## [Exercise data]
------------------------
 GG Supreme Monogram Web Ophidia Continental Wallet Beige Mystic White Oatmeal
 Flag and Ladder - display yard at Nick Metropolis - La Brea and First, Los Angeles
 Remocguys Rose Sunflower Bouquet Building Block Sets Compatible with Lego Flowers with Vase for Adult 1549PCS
------------------------
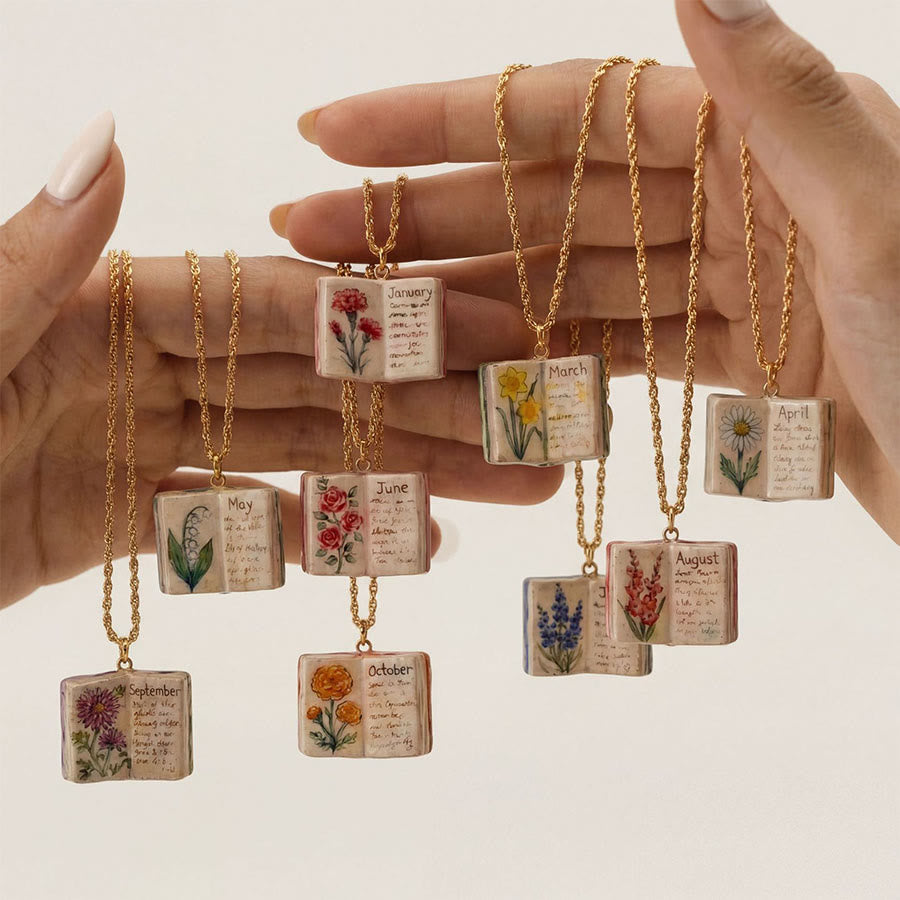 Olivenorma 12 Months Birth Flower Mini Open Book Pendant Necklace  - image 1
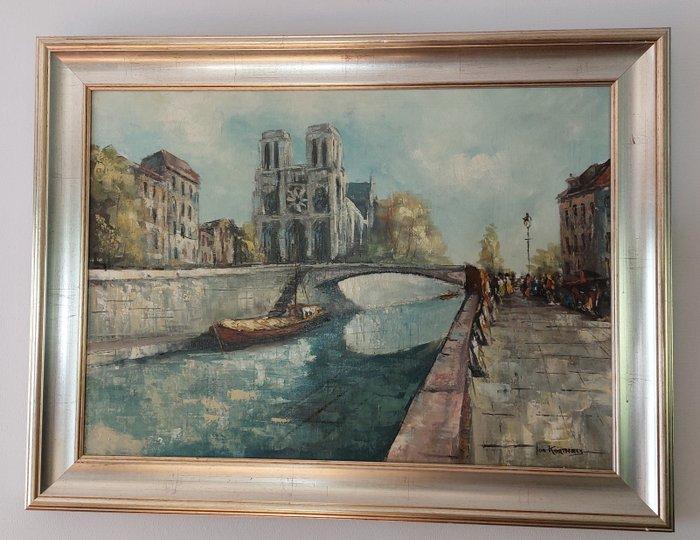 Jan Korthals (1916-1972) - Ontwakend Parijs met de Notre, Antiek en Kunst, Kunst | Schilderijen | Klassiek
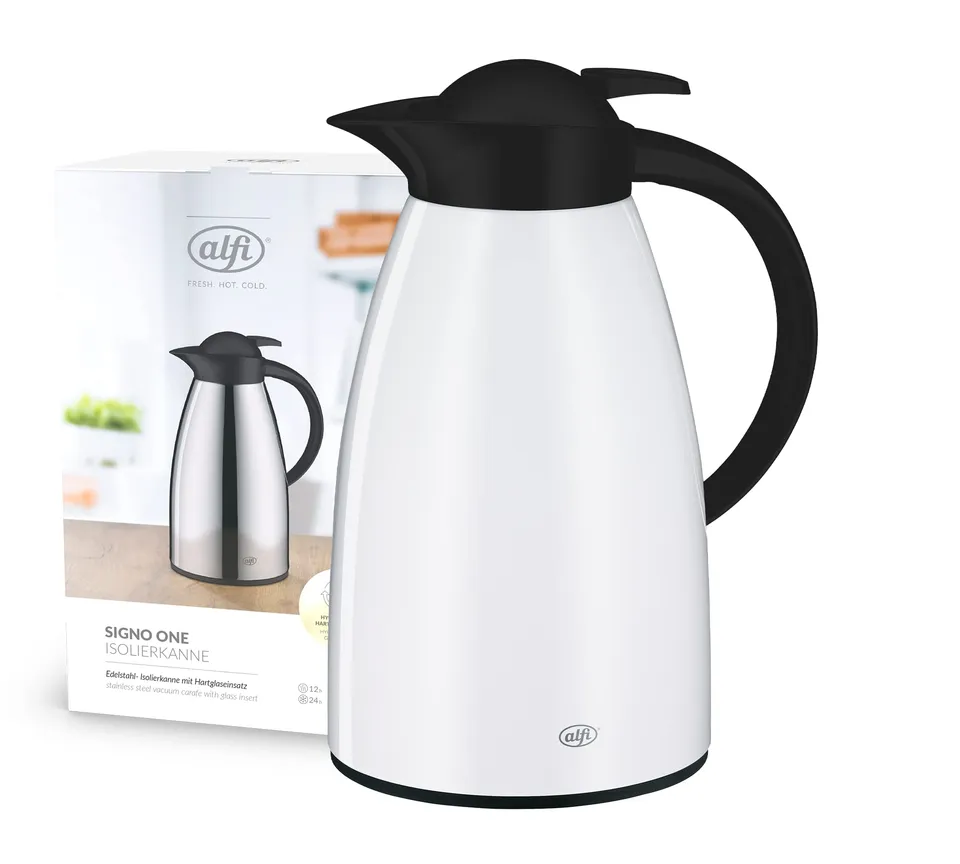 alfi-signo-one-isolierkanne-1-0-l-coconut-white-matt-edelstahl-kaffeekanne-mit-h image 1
------------------------
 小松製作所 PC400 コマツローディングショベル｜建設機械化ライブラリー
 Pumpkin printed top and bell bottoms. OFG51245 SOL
------------------------
## [What is being asked]
Where the listing above reaches the line that contains "Flag and Ladder", start retyping, and finish with the line that contains "Remocguys Rose Sunflower"; reproduce those lines exactly and no others.

## [Task response]
 Flag and Ladder - display yard at Nick Metropolis - La Brea and First, Los Angeles
 Remocguys Rose Sunflower Bouquet Building Block Sets Compatible with Lego Flowers with Vase for Adult 1549PCS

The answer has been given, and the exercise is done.